= Bánh tráng phơi sương =

Bánh tráng paper

The bánh tráng phơi sương (lit. dew-wetted rice paper) is a special food of Lộc Du, Trảng Bàng District, Tây Ninh Province, Vietnam. It is a flexible two-layer rice paper.

== Process of production ==
There are seven steps in making the dish: steeping the rice, husking the rice, mixing the flour, spreading the flour, drying the rice paper in the sun, grilling the rice paper and wetting the paper by dew in the night. Commonly used rice strains are Bằng Cóc rice, So Miên rice or Nàng Miên rice. Rice is soaked in water equal to the volume of rice. If it is soaked too long, the rice will lose its fragrance. The soaked rice is mixed with salt and grilled, spread over a flat pan in a very thin round shape. When spreading, the water temperature must be kept constant. The next piece is spread over the pan just as the last piece is removed, and skilled workers time the rice paper cooking process by smelling the smoke. Next, the rice paper is spread over a bamboo grid and left to dry in the sun, and wind. If the rice paper is left to dry too long, it will be brittle, but if not left to dry long enough, it will be tough. The rice paper is then grilled over a fire of peanut shells, and the cooks turn the rice paper over regularly to prevent it from being burned or smoke-stained. When night dews begin to drop, the rice paper is left outside to be wetted by the dew; the length of time it is left outside depends on the amount of dew which falls that day.

== Spring roll wrap ==
Spring roll paper is used for making fresh summer rolls (salad rolls) or fried spring rolls in Vietnamese cuisine, where the rice paper is called bánh tráng or bánh tráng phơi sương.
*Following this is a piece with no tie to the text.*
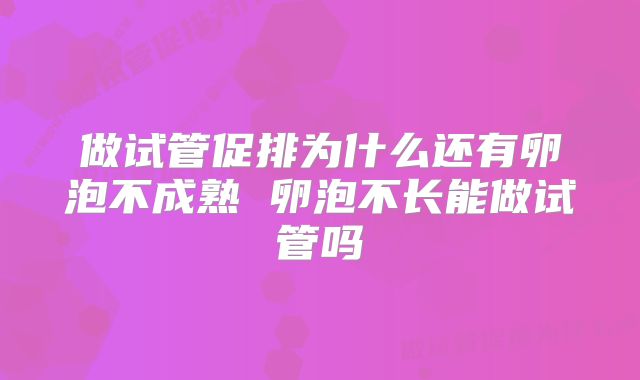 做试管促排为什么还有卵泡不成熟 卵泡不长能做试管吗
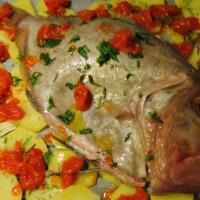 PESCE SAN PIETRO IN GUAZZETTO - Lido Santa Maria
Ingredients of the food rice paper include white rice flour (95.5%), tapioca flour, salt (1.5%), and water (3%). The tapioca powder makes the rice paper glutinous and smooth. It is usually sold dried in thin, crisp, translucent round sheets that are wrapped in cellophane. The sheets are dipped briefly in hot water to soften them, then wrapped around savory or sweet ingredients.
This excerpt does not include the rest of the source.